If you think that this derail is of interest, how about starting a dedicated thread and, on this thread, dealing with Night Ripper's attempt to bring you back to the point.


So, to change the example, if I imagine The Fountain of Youth (which I have never seen) I must be imagining the concept of the Fountain of Youth? I suppose I will have to try to introspect again, and see whether you are right. I just did so. I cannot tell. I seem to be imagining just The Fountain of Youth. Am I wrong? (Ponce de Leon searched for The Fountain of Youth, or so it is said. But was he wrong? Was he really searching for the concept of The Fountain of Youth?).
Ahab
 
  1  
Reply Mon 22 Mar, 2010 07:36 am
@kennethamy,
kennethamy;142164 wrote:
So, to change the example, if I imagine The Fountain of Youth (which I have never seen) I must be imagining the concept of the Fountain of Youth? I suppose I will have to try to introspect again, and see whether you are right. I just did so. I cannot tell. I seem to be imagining just The Fountain of Youth. Am I wrong? (Ponce de Leon searched for The Fountain of Youth, or so it is said. But was he wrong? Was he really searching for the concept of The Fountain of Youth?).

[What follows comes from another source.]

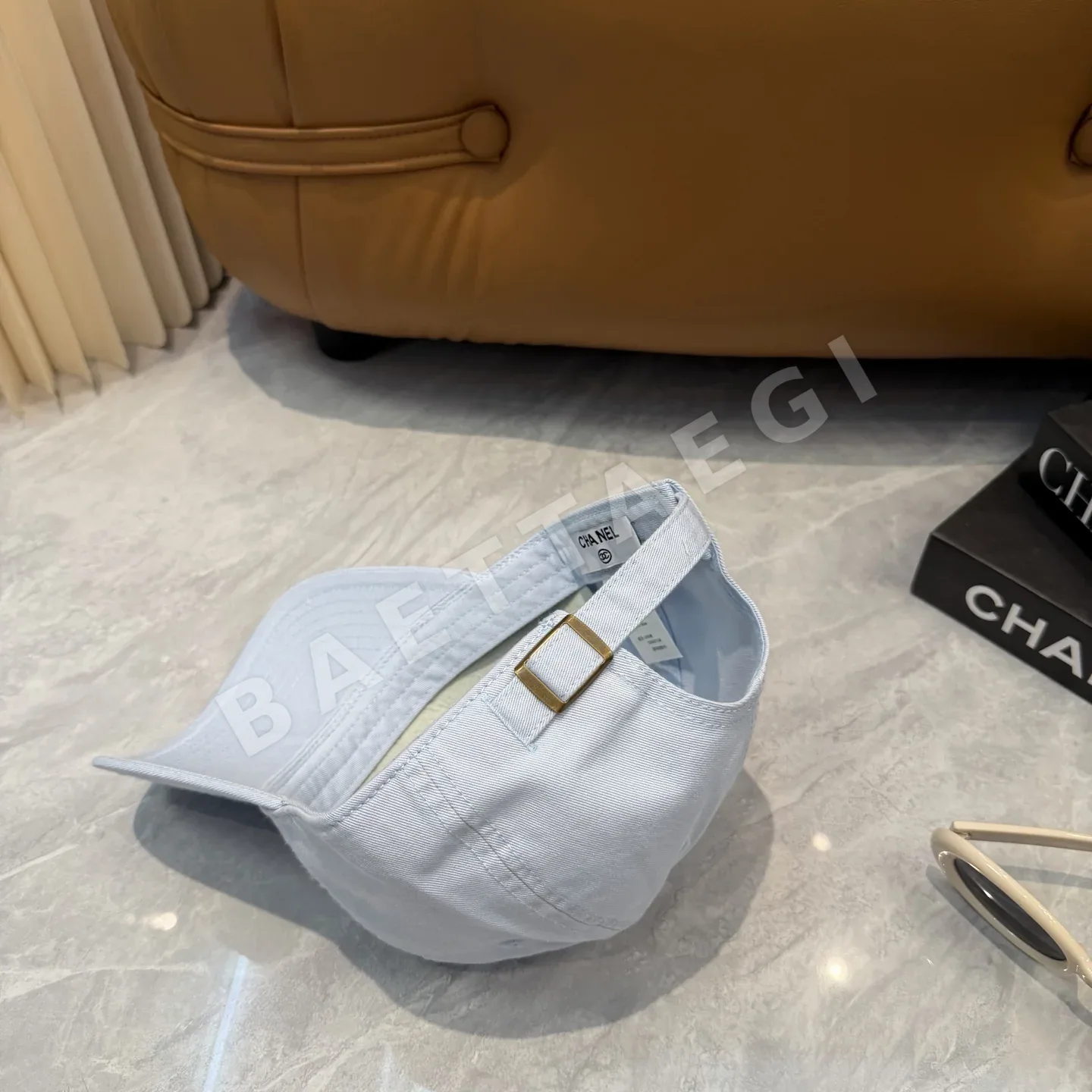 샤넬 로고 베이스볼 캡 상세 이미지 3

He would need a conception or idea of the Fountain of Youth. That is, he would have to have some idea of what he was looking for. But he certainly, as you point out, was not looking for that idea.
ughaibu
 
  1  
Reply Mon 22 Mar, 2010 07:41 am
@kennethamy,
kennethamy;142164 wrote:
if I imagine The Fountain of Youth (which I have never seen) I must be imagining the concept of the Fountain of Youth? I suppose I will have to try to introspect again, and see whether you are right. I just did so. I cannot tell. I seem to be imagining just The Fountain of Youth.
What is the fountain of youth?
0 Replies
 
Ahab
 
  1  
Reply Mon 22 Mar, 2010 08:02 am
@ughaibu,
ughaibu;142054 wrote:
I'm with Night Ripper, on this. There are no Euclidean hypercubes but the concept is well defined, so a person imagining such a cube is imagining something that is irreducibly conceptual, they are imagining the concept when they describe their behaviour as imagining the cube.


I would have thought that all concepts are irreducibly conceptual.

In any case, simply becuause we conceive of an imaginary object doesn't mean that particular conception is imaginary, does it?
ughaibu
 
  1  
Reply Mon 22 Mar, 2010 08:16 am
@Ahab,
Ahab;142177 wrote:
simply becuause we conceive of an imaginary object doesn't mean that particular conception is imaginary, does it?
I dont understand what you mean. What kind of concept isn't imagined?
Ahab
 
  1  
Reply Mon 22 Mar, 2010 08:24 am
@ughaibu,
ughaibu;142179 wrote:
I dont understand what you mean. What kind of concept isn't imagined?


The word "imagine" is used in many different ways. Not everything we imagin is imaginary. If I imagine (form a mental image of) what my aunt looks like that doesn't mean that my aunt is an imaginary person!
ughaibu
 
  1  
Reply Mon 22 Mar, 2010 08:26 am
@Ahab,
Ahab;142182 wrote:
The word "imagine" is used in many different ways. Not everything we imagin is imaginary. If I imagine (form a mental image of) what my aunt looks like that doesn't mean that my aunt is an imaginary person!
I acknowledged this distinction in post 32.